The couple cited Lands minister Anxious Masuka and Attorney-General Prince Machaya as respondents.
This was after Masuka published the Rural Land (Farm Sizes) (Amendment) Regulations, 2020 (No 2) (SI 41 of 2020) on February 14, 2020, to facilitate the reduction of commercial sizes for redistribution to other farmers.
Mutsahuni and his wife said the SI was unconstitutional as the minister failed to consider important issues that were brought about the new law.
“The applicant has a direct interest in this matter, having been affected by the application of the provisions of SI 41 of 2020,” said Mutsahuni in his founding affidavit.

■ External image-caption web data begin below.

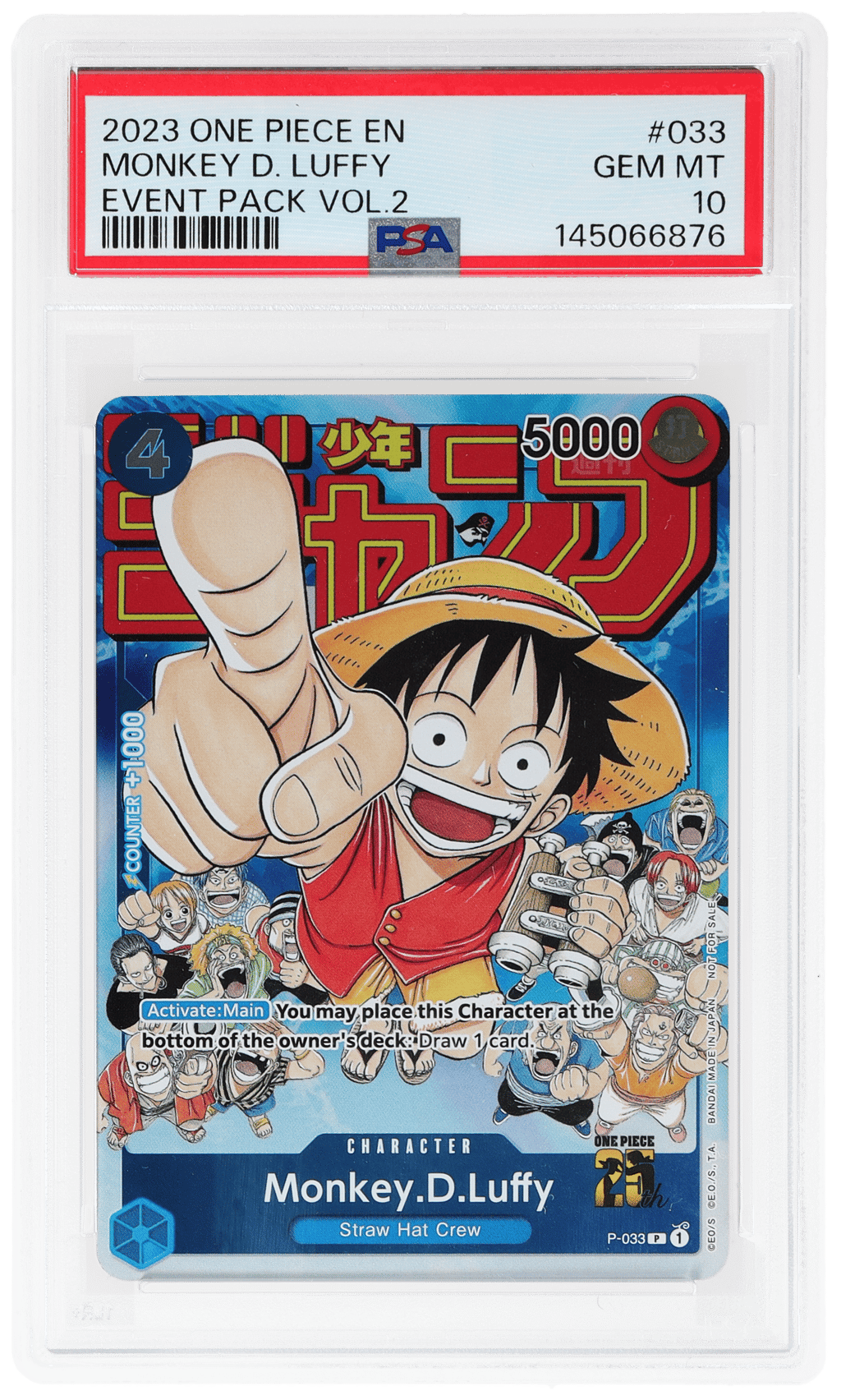 2023 One Piece Weekly Shonen Jump Promo Event Pack Volume 2 Monkey.D.Luffy #P-033 PSA 10
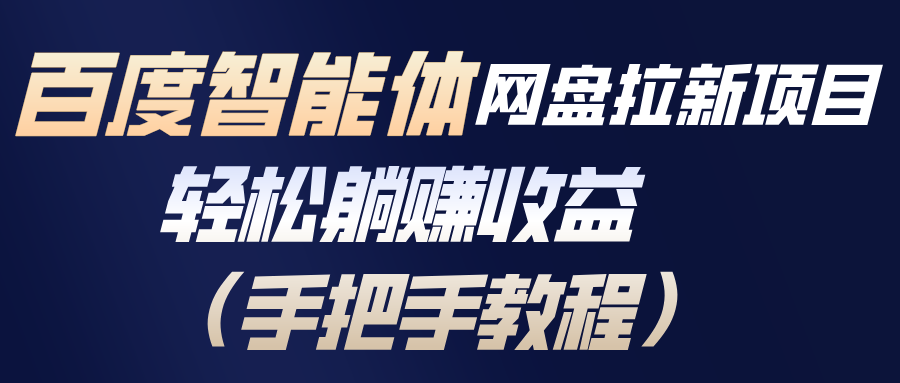 (17026期)百度智能体网盘拉新项目,轻松躺赚收益(手把手教程)-宇文网创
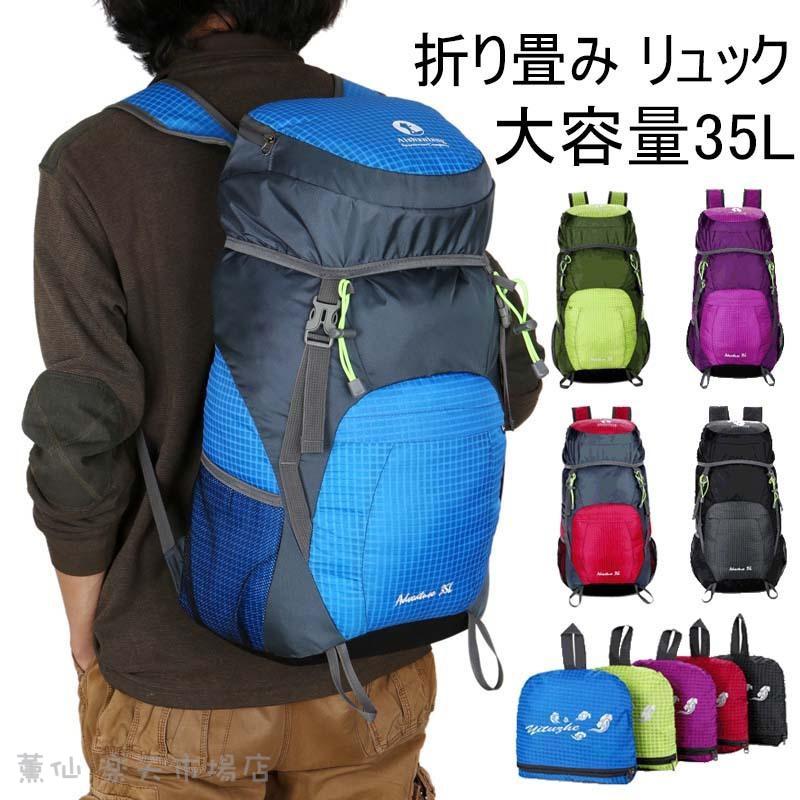 【楽天市場】バックパック ザック デイパック リュック サック 折りたたみ コンパクト 収納 携帯 軽量 大容量 メンズ レディース 山ガール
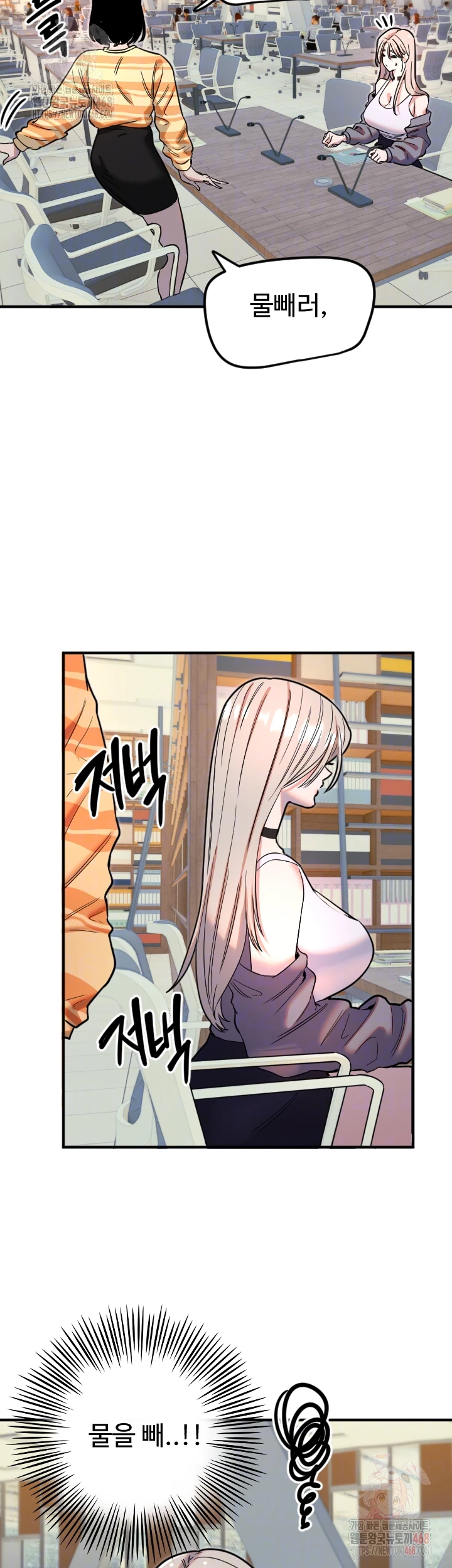 Manitto Raw - Chapter 38 Page 8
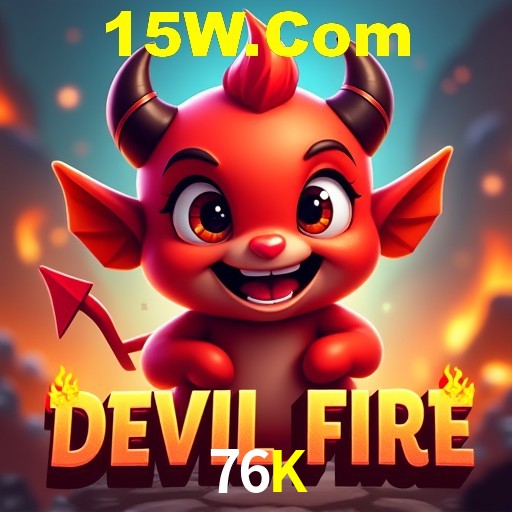 Dicas Essenciais para Melhorar seu Desempenho em Jogos de Palavras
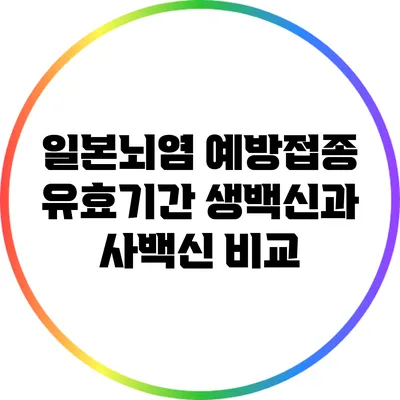 일본뇌염 예방접종 유효기간: 생백신과 사백신 비교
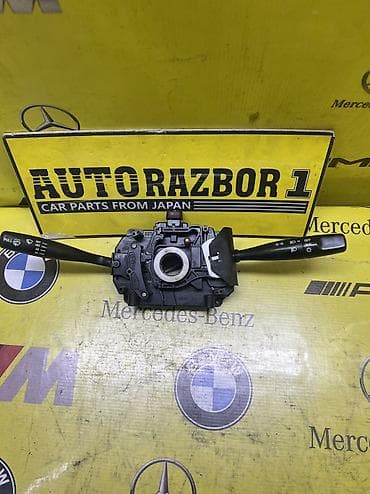 Гитара руля,под рулевой переключатель, переключатели: поворотов, света at lalafo.kg Гитара руля,под рулевой переключатель, переключатели: поворотов, света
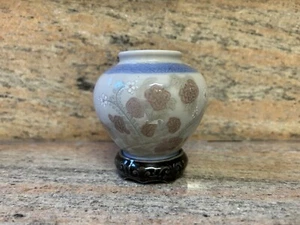 Lladro Little Jug with Flowers Vase #1221 Retired / Limited Edition Collectible - Picture 1 of 5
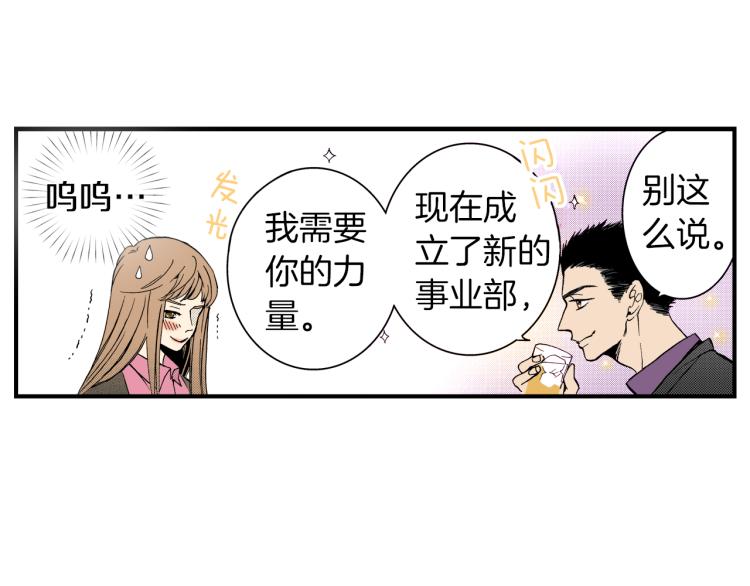 第二季 第1话 好久不见(1/3)-第34话
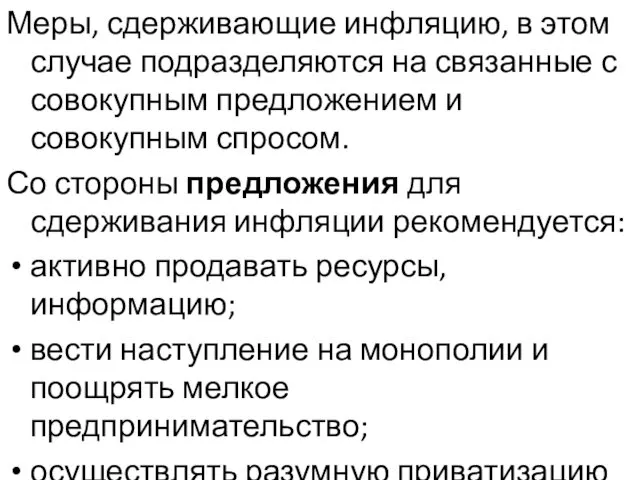 Меры, сдерживающие инфляцию, в этом случае подразделяются на связанные с совокупным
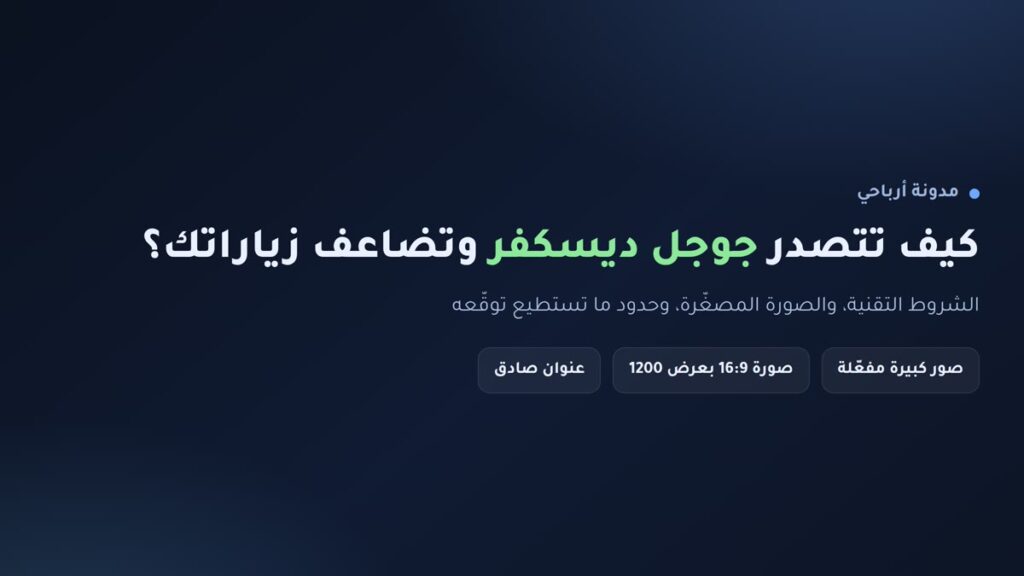 إنفوجرافيك: كيف تتصدر جوجل ديسكفر Discover وتضاعف زياراتك من خلاصة الاقتراحات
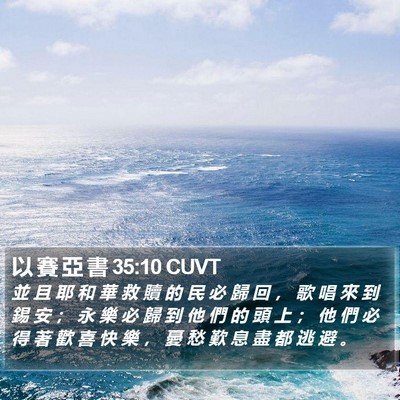 以 賽 亞 書 35:10 CUVT Bible Verse Image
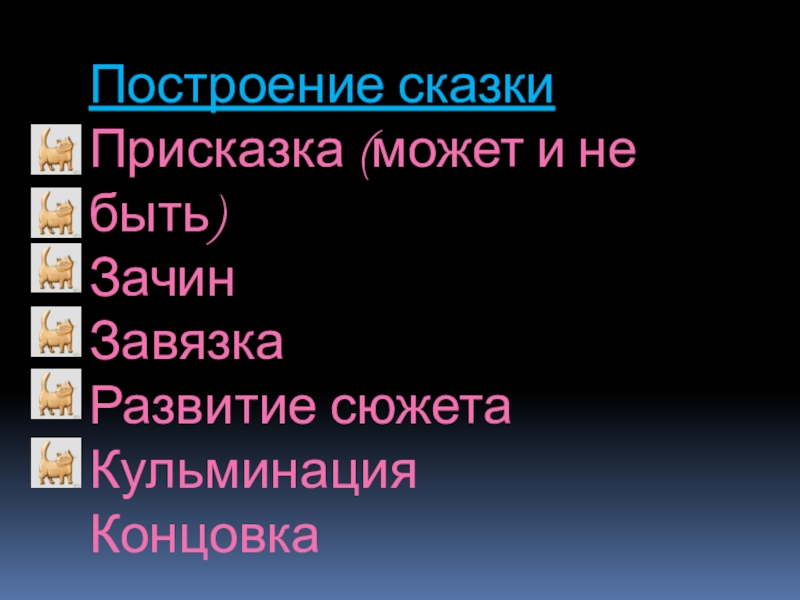 Построение сказкиПрисказка (может и не быть)ЗачинЗавязкаРазвитие сюжетаКульминацияКонцовка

The amendment was done in terms of section 21 of the Land Commission Act (Chapter 20;29) repealing provisions of the Rural Land (Farm Sizes) Regulations, 1999, published in SI 419 of 1999.
In substance, SI 41 of 2020 sought to alter the sizes of land which can be held under the various natural regions in Zimbabwe.
The couple is a holder of an offer letter under Model A2 Phase II, in respect of Subdivision Consolidation measuring 1 804, 9719 hectares of Sigaro Farm, Mazowe district in Mashonaland province, which was granted on June 22, 2017 by the Lands minister.
“Acting in terms of SI 41 of 2020, the minister proceeded to withdraw the aforesaid offer letter with an express intention to reduce the extent of the land which we hold under the offer letter. This was unfair because it is common cause that the new SI came into effect when the old SI 419 of 1999, was in full effect,” Mutsahuni submitted.
“Despite this, it is also common cause that the minister did not adhere to the provisions of these regulations and proceeded to allocate individuals land sizes beyond the prescribed sizes under SI 419 of 1999. Pursuant to the promulgation of SI 41 of 2020, the minister has sought to pursue a rigid adherence to the new farm sizes stated therein.”
Mutsahuni said the SI was arbitrary in that its consequence was that it was applied retrospectively without regard to the nature and extent of investments made by any farmer who historically would have been on the farm.
He said they were not given any discretion to consider the suitability of the prescribed farm size against the extent of any investments made by farmer affected and the extent of utilisation.